UNHCR menyerukan larangan pemulangan paksa pencari suaka ke DR Kongo timur |
Peace and Security

UNHCR menyerukan larangan pemulangan paksa pencari suaka ke DR Kongo timur |

Elizabeth Tan, Direktur Perlindungan Internasional UNHCR, mengatakan pada hari Jumat dalam jumpa pers reguler di Jenewa bahwa badan tersebut prihatin dengan meningkatnya serangan terhadap warga sipil, termasuk mereka yang tinggal di lokasi pengungsian.

Salah satu contoh terburuk terjadi pada bulan Februari tahun ini di kamp Plaine Savo di Provinsi Ituri. Sebuah kelompok bersenjata non-negara menewaskan sedikitnya 62 orang dan melukai lebih dari 40 lainnya. Sejak saat itu, serangan telah mengakibatkan lebih dari 1.000 kematian orang yang berlindung di lokasi pengungsian atau berusaha untuk kembali ke rumah mereka.

50.000 pelanggaran hak

Sepanjang tahun ini, UNHCR telah mencatat lebih dari 50.000 pelanggaran terhadap hak-hak penduduk sipil di DRC, termasuk pengungsi dan pengungsi internal.

UNHCR mengatakan bahwa Negara memiliki tanggung jawab hukum dan moral untuk mengizinkan mereka yang melarikan diri dari konflik yang sedang berlangsung untuk mencari keselamatan, diberikan suaka, jika sesuai, dan tidak mengembalikan pengungsi secara paksa.

Maret militan M23

Meningkatnya konflik bersenjata semakin memperburuk situasi. Sejak 20 Oktober, 188.000 orang mengungsi akibat pertempuran antara kelompok pemberontak M23 dan Tentara Kongo.

Diperkirakan 5,6 juta warga Kongo mengungsi secara internal sebelum peningkatan kekerasan ini.

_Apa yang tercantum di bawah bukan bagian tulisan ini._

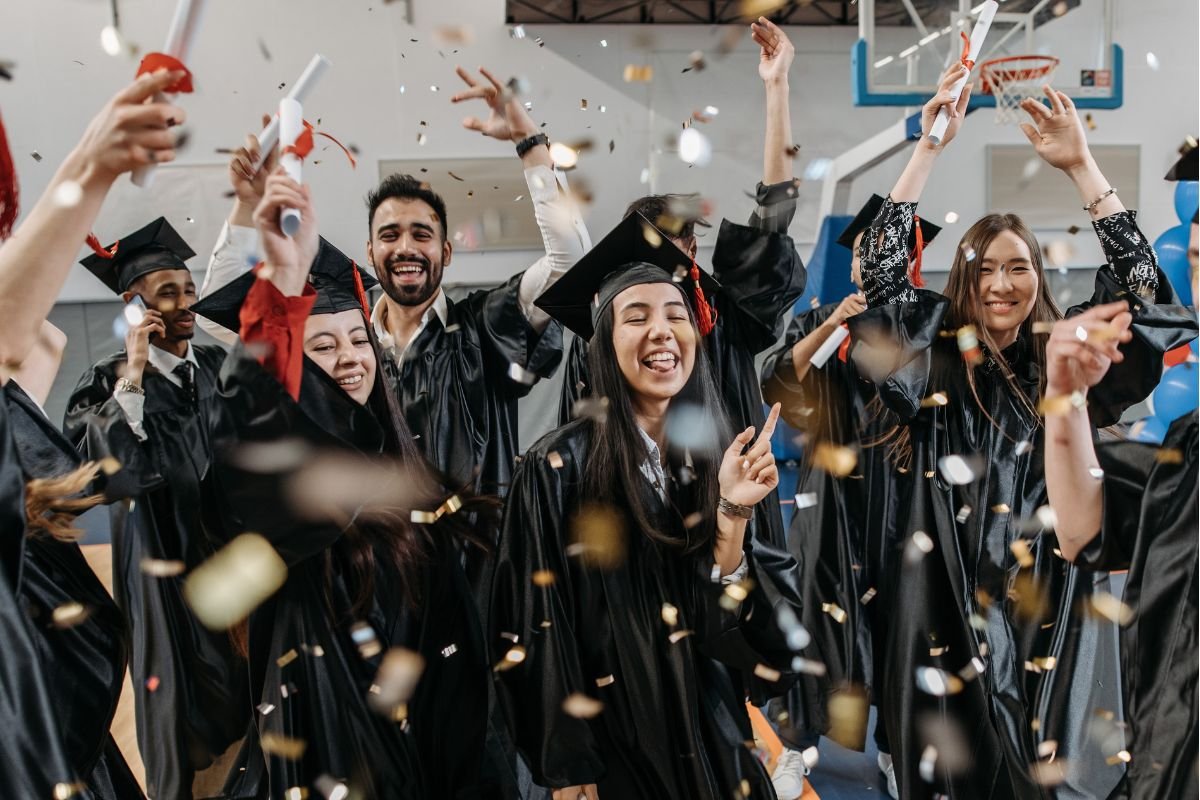 Graduates in caps and gowns cheer and celebrate, holding diplomas, with confetti falling around them in a gymnasium.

Jutaan lainnya telah menemukan perlindungan di 22 negara di Afrika.

Sebagian besar dari mereka yang harus mengungsi, 4,9 juta, mengungsi secara internal akibat konflik di Kivu Utara, Kivu Selatan dan Ituri sementara hampir 700.000 orang mengungsi karena cuaca ekstrem.

Dengan waktu kurang dari enam minggu sebelum akhir tahun 2022, UNHCR hanya menerima 43 persen dari dana yang dibutuhkan untuk membantu mereka yang paling membutuhkan di DRC.